If you do not do this, then your tests will fail when someone decides to delete or change the data they depend on, and you'll waste an enormous amount of time trying to find out why your tests have suddenly started to fail.

For a QA or Integration system, you should be able to create a subset of your data based on your knowledge of the relations between the tables.

Upvotes: 1

HLGEM
HLGEM

Reputation: 96552

I would under no circumstances allow developers to develop against a smaller database when it will have to run on on one this size. You will have problems that only arise when things go to prod and this is a foolish idea. The queries that work well on small datasets are not the queries that work well on large datasets. The time wasted writing queries that cannot not run on production is one reason why it is foolish to allow developers to work with a small set of data.

Upvotes: 1

Jay
Jay

Reputation: 27464

If your tables all consisted of unrelated data, you could just pick X random records from each table. I'm guessing that the problem is that the tables are NOT unrelated, so if, say, table A includes a foreign key reference to table B and you just pulled 10% of the records from table A and 10% of the records from table B, you'd have a whole bunch of invalid references from A to B.

I don't know of a general solution to this problem. It depends on the exact structure of your database.
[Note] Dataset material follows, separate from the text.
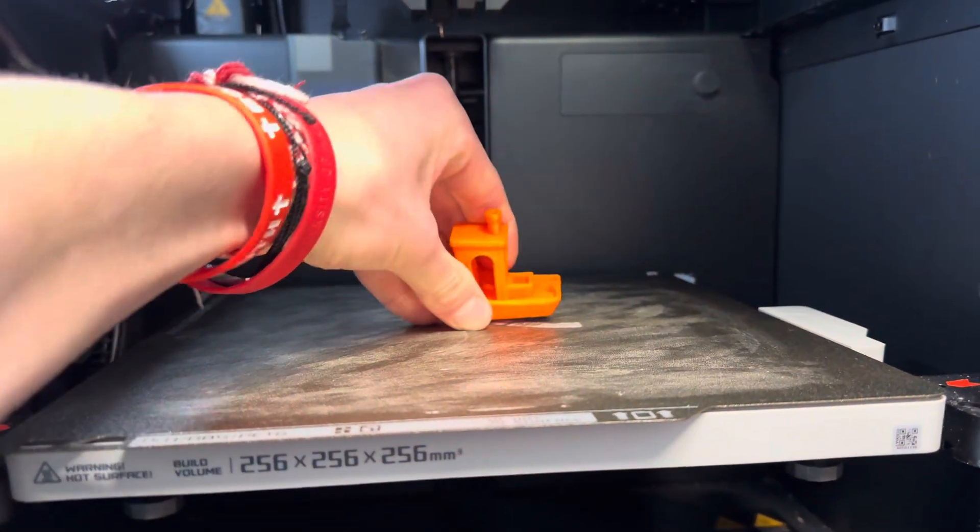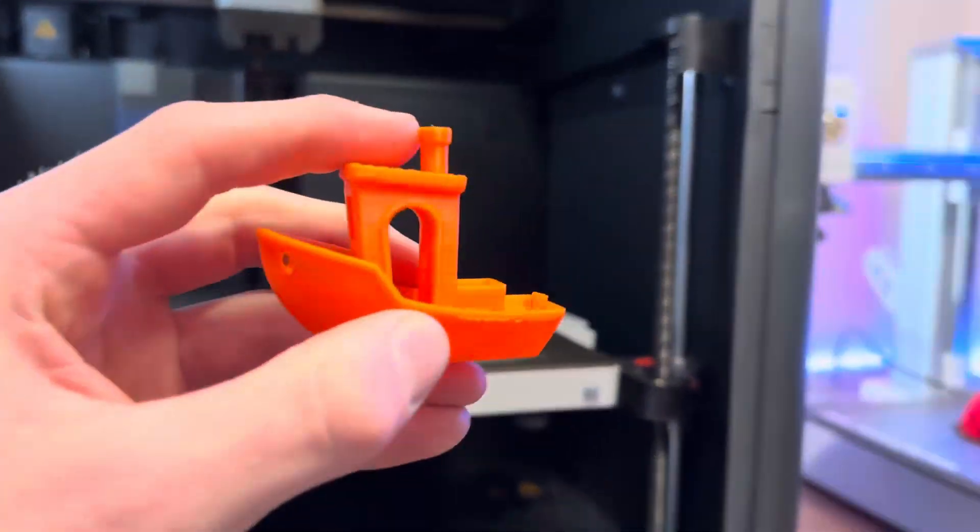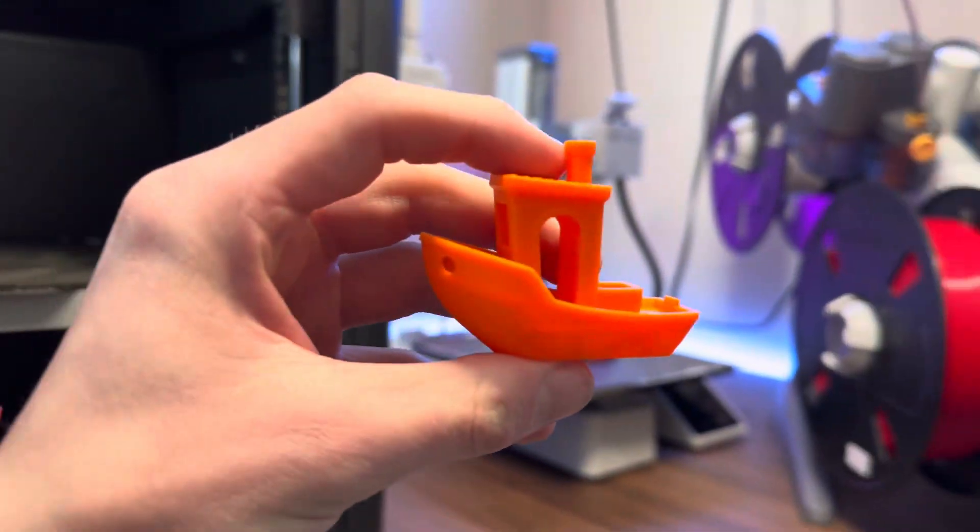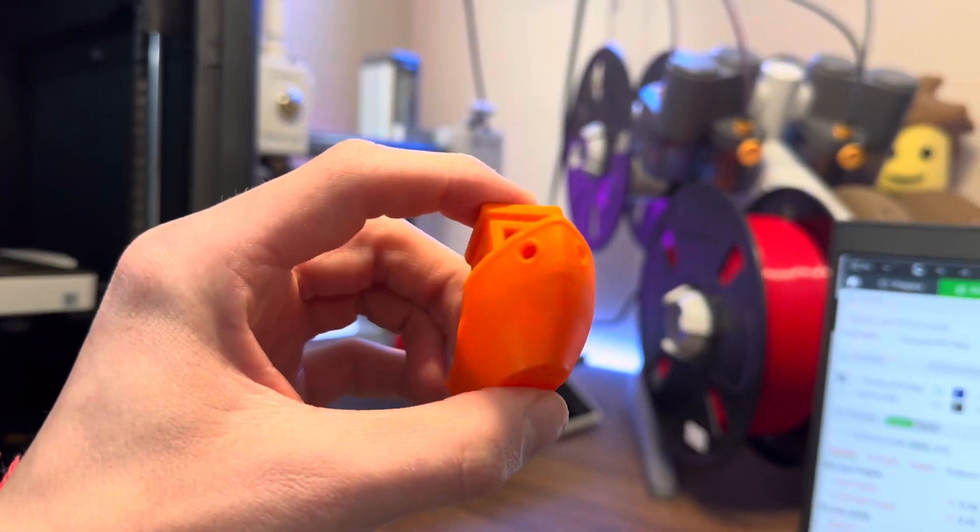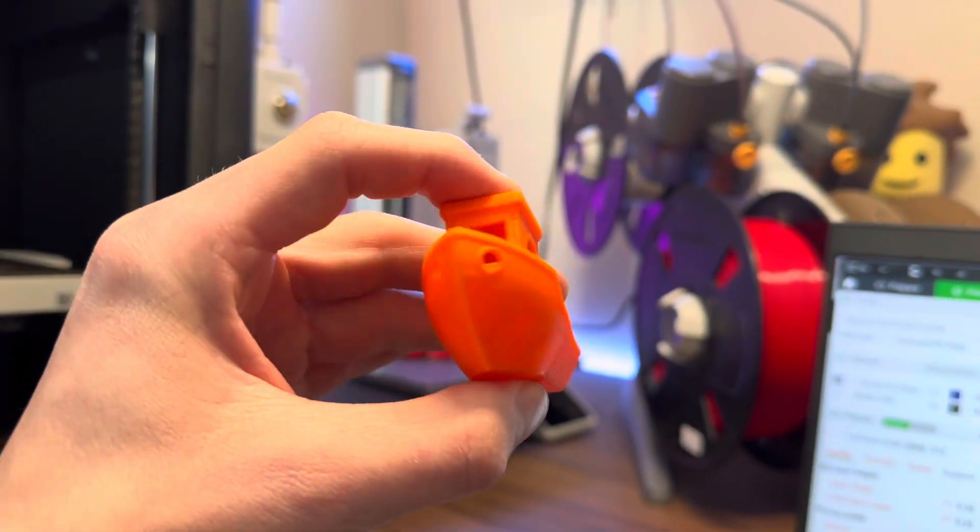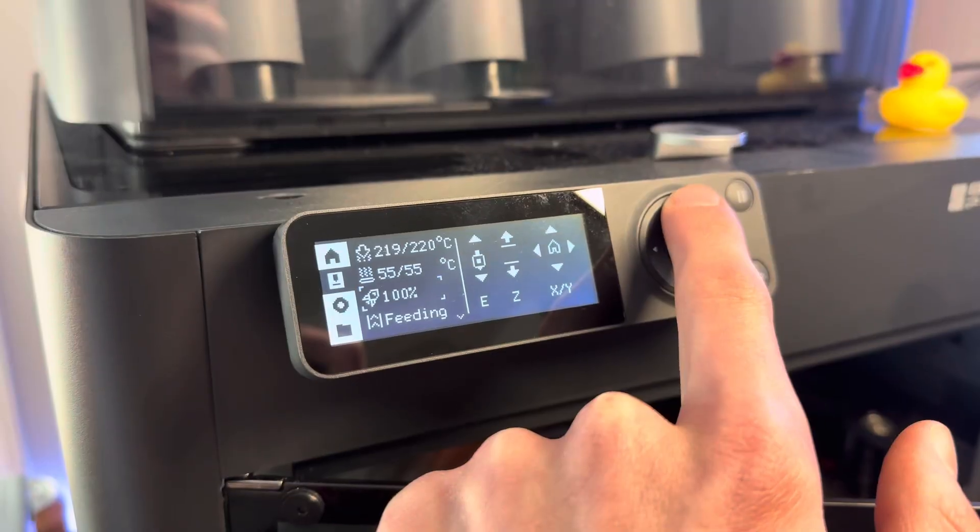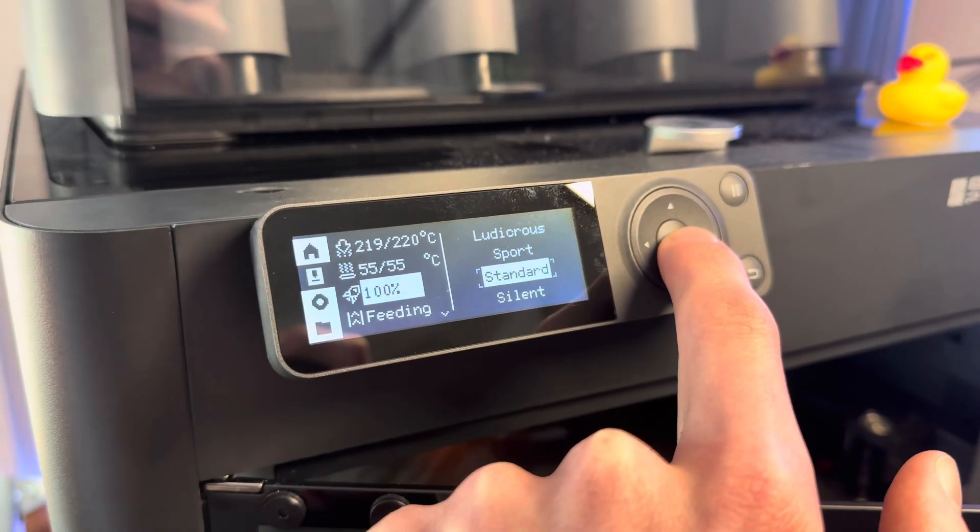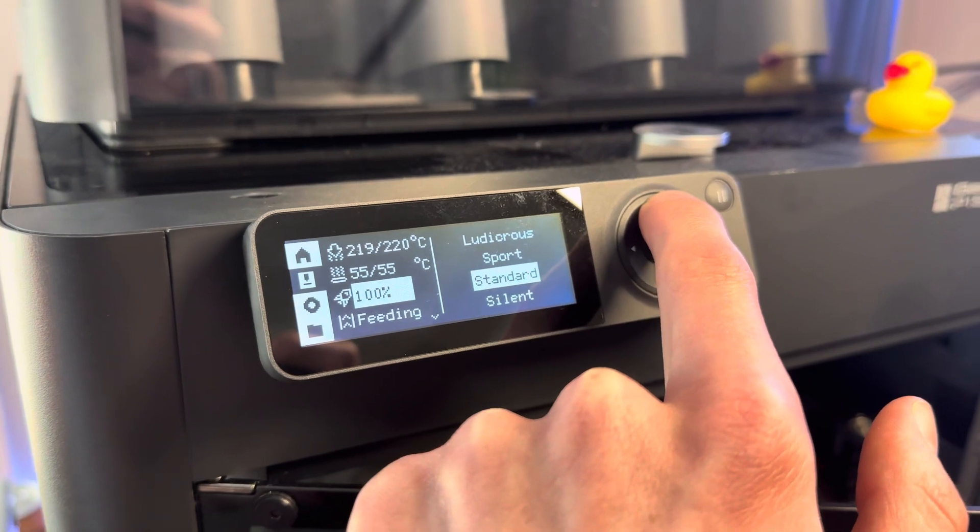There's actually four different printing speeds on the Bamboo Lab P1S, and I printed this at the standard speed, but there's also Sport and Ludicrous, which are faster.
I often find that my databases consist of a small number of "central" tables that have lots of references from other tables. That is, I generally find that I have, say, an Order table, and then there's an Order Line table that points to Order, and a Customer table that Order points to, and a Delivery table that points to Order or maybe Order Line, etc, but everything seems to center around "Order". In that case, you could randomly pick some number of Order records, then find all the Customers for those Orders, all the Order Lines for those Orders, etc. I usually also have some number of "code lookup" tables, like a list of all the "order status" codes, another list of all the "customer type" codes, etc. These are usually small, so I just copy them entirely.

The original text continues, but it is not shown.